**What this task involves**
Pictures should be left out while the data beneath this task is written out word for word.

**Data block**
******************************
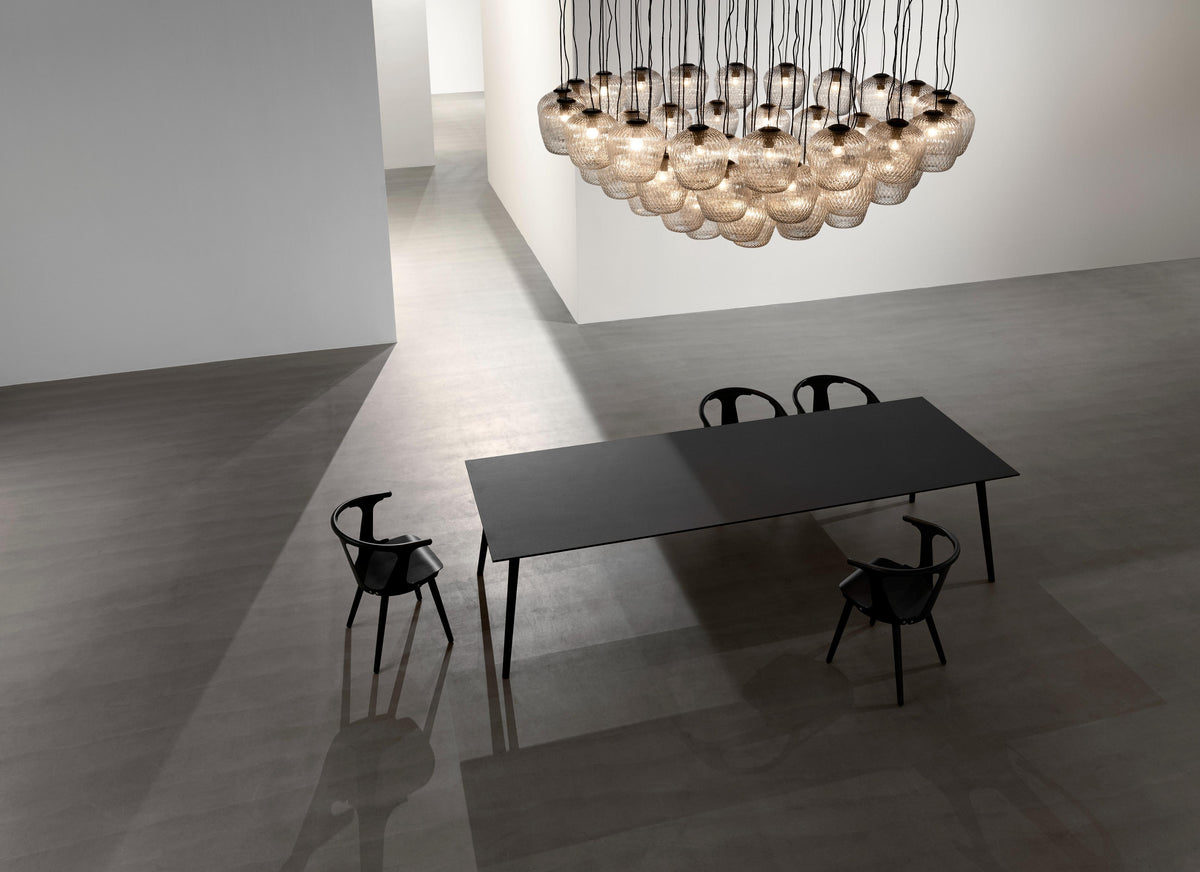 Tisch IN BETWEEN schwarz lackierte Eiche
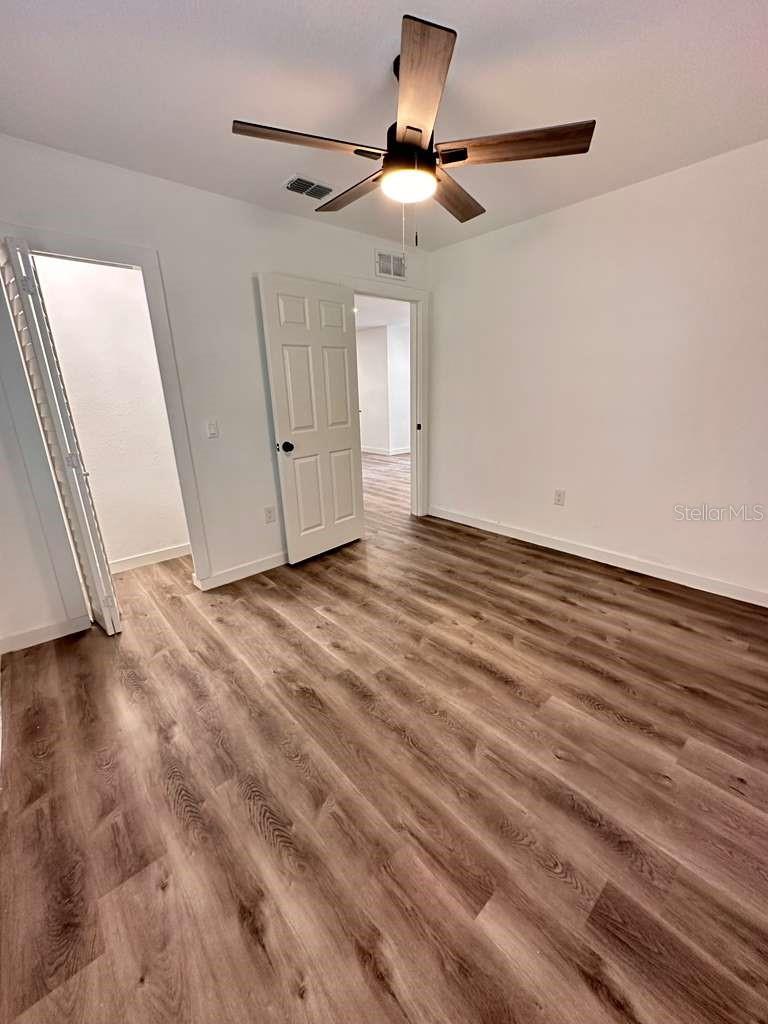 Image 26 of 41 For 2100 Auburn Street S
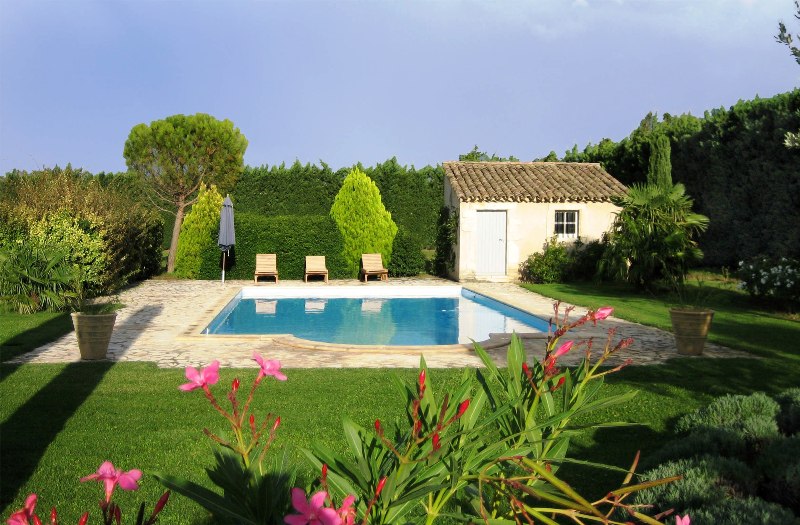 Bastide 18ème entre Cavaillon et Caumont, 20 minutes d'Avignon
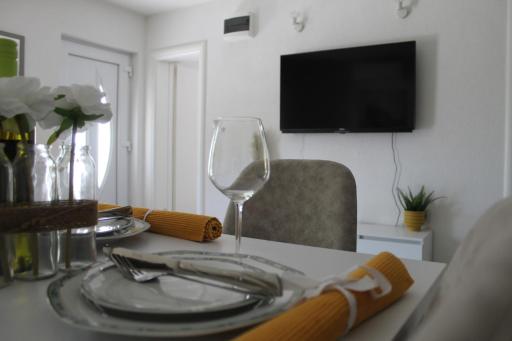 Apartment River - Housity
******************************
**Problem solution**
 Tisch IN BETWEEN schwarz lackierte Eiche
 Image 26 of 41 For 2100 Auburn Street S
 Bastide 18ème entre Cavaillon et Caumont, 20 minutes d'Avignon
 Apartment River - Housity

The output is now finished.